Bright college days, those carefree days gone by...
22 January 2010 | by (United States) – See all my reviews

I love these Thirties movies. Everyone reviewed the mystery but what interested me was the college life. Clearly, this was an expensive eastern private school, home of the Gentleman's C. In the Depression there were basically two types of college students--the rich and those on scholarships and/or just getting by on various part time jobs, often having to stop for a semester or year when the money ran out. As Johnny Carson used to say, you buy the premise, you buy the bit. So I think these rich kids were kept here by their parents because they were totally useless in the real world and there weren't any jobs in the Depression for people who couldn't do anything but hang out with their friends. It was cheaper to keep them in school than let them ruin the slim profit margin of their parents' businesses. They were perpetual students and perpetual slackers. I imagine they were in this college until they all had PhDs or they got sent abroad, whichever cost their parents less. The men would be old enough when WWII came along to get cushy war jobs via the old boys' network, and the women would marry, divorce, and remarry within the same network.

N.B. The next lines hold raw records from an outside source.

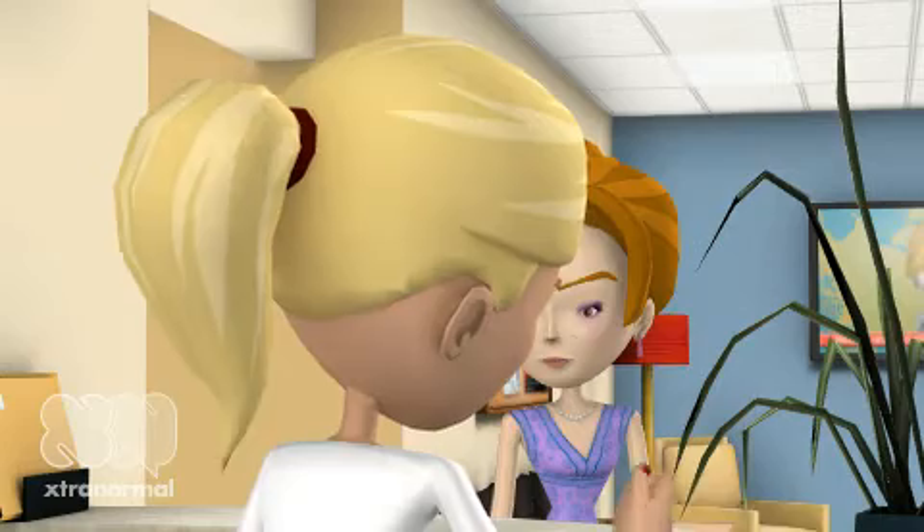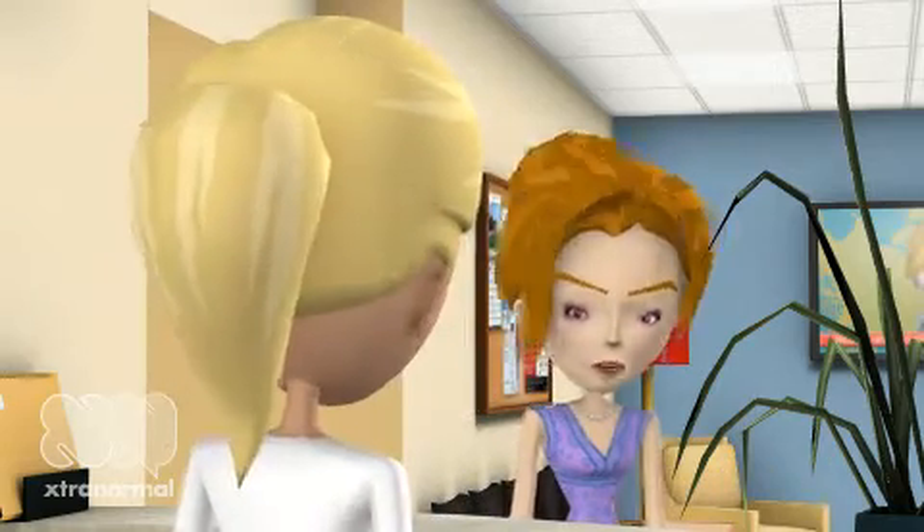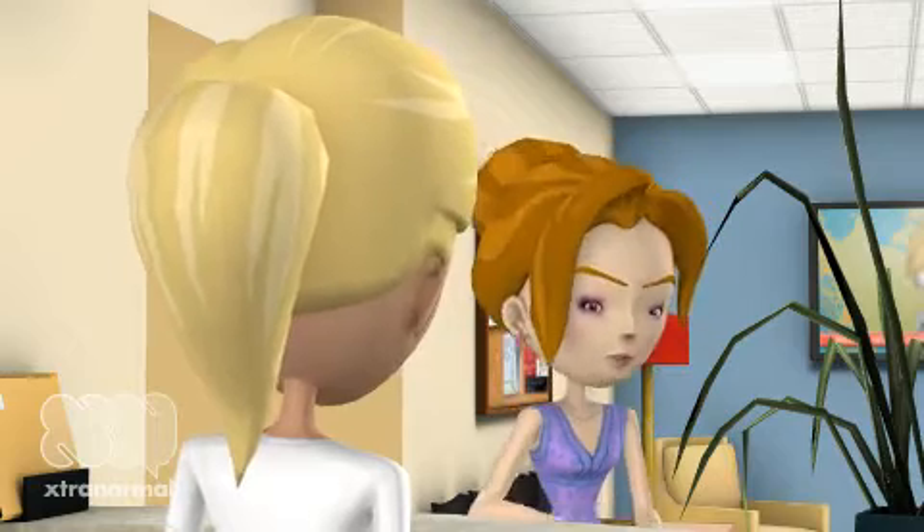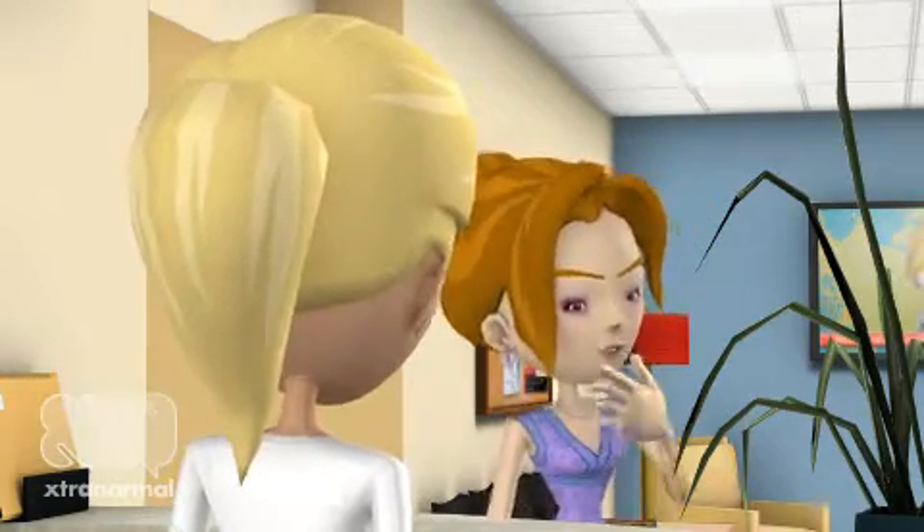Hello Stacy. Welcome to our office. Thank you. I have a few questions about thermography. First, what is breast thermography?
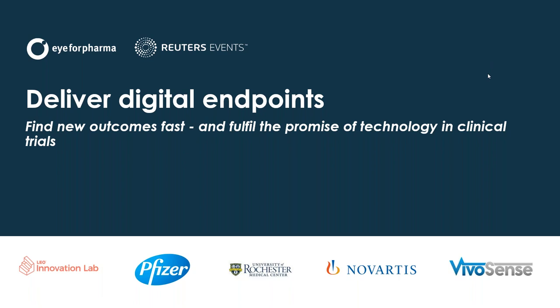Good day, ladies and gentlemen. This is Paul Sims speaking to you from IFA Pharma offices in London. Thank you so much for being here on time. We've got a really exciting webinar here for you today. I'm pleased to announce that we're going to be talking about delivering digital endpoints, as you can hopefully see on your screen. So, finding new outcomes fast and fulfilling the promise of technology in trials. We've got nearly 1,000 people registered, clearly of value to many of you.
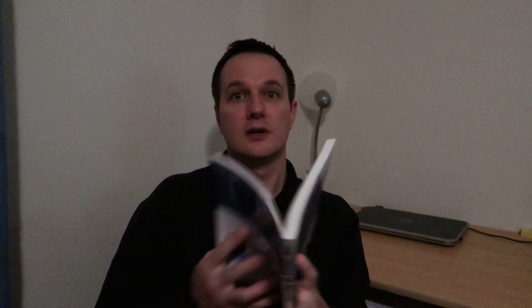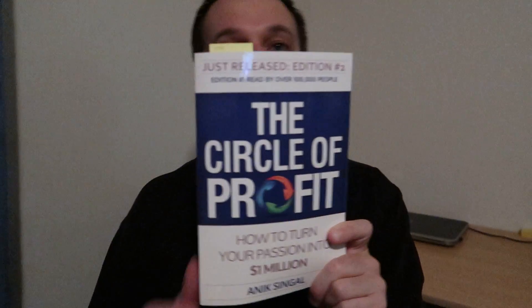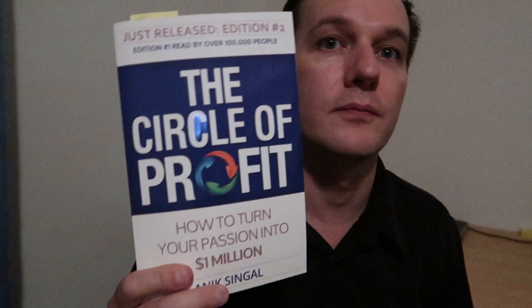Really interesting book. Definitely worth checking out. If you are into sales online or want to make more profits, I can give a 10 out of 10 review. Thank you.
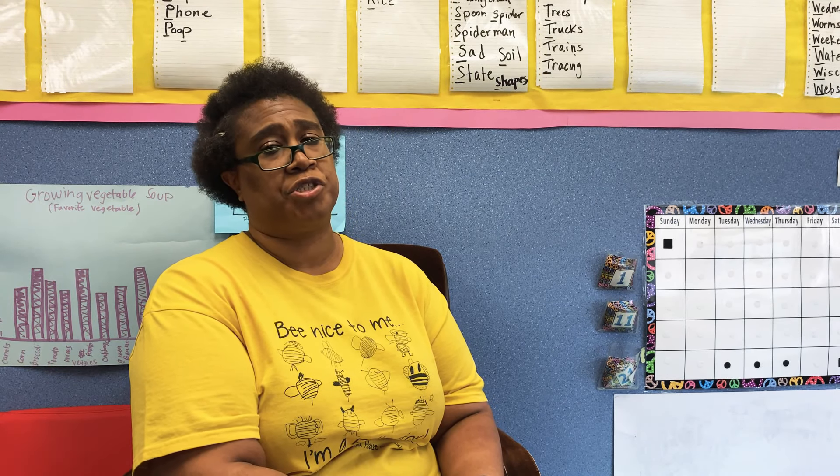I hope you enjoyed the story that I read to you today. Always wash your hands. Continue to be safe. And thank you for joining me today.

Now, our heroine was obviously the other type of student. She was taking forever to get through school because it was taking her forever to earn the money. And since nobody was shown in a class, one has to assume that slowed down her progress, too. She won't "marry well" because the reporter got in the way and reporters were notoriously poorly paid. I hope she dropped out and married him right away because if she wasn't going to marry a rich student, she was wasting her money at this institution of learning nothing.

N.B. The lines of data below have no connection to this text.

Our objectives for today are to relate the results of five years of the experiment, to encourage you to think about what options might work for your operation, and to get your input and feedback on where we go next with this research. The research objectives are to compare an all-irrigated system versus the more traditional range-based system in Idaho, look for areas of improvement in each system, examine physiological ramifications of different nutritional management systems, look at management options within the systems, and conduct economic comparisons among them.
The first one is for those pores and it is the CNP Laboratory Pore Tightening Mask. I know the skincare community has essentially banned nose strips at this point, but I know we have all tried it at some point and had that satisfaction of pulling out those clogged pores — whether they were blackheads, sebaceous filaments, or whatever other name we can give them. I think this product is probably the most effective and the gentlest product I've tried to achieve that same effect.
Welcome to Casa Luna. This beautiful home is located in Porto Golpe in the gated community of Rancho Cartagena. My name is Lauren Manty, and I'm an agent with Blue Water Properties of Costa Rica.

The dead fellow in the bell tower seemed to have been someone's project. I didn't understand why he was at the school but if he only had two years of high school he would have fit right in, academically. He seemed to have been enough of a slacker to concentrate on athletics instead of his bell tower job or school so if he had lived he might have done well in the culture of the place but alas, his quest for the old school tie was cut short. Another five or six years of frat life and he probably would have been indistinguishable from his wealthy brothers.

The professors at this college seemed to have as little interest in education as the students, to judge by the small sample we are shown. Apparently the perks of being employed by the college of "couldn't care less" included having time for extracurricular activities.

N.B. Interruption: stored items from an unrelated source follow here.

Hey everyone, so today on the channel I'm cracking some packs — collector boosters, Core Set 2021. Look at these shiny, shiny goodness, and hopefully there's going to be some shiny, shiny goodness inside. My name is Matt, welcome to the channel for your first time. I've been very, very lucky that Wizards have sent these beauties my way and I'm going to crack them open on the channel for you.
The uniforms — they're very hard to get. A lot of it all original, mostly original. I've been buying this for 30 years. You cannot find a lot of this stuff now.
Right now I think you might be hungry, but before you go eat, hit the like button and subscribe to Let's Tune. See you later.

Because much of the wealth in the Depression era came through illegal or marginally legal activity, there was plenty of that going on with the students and their associates. Because superficiality and wealth were valued, snobbery, pettiness, and revenge were rife.

Prohibition was just ending, so no more bootleg booze, but there was the excitement of dead bodies littering up the campus so that was diverting. These people were such dullards it didn't even cross their minds to be afraid in the middle of a crime wave! The leaders of tomorrow--which accounts for a lot of things....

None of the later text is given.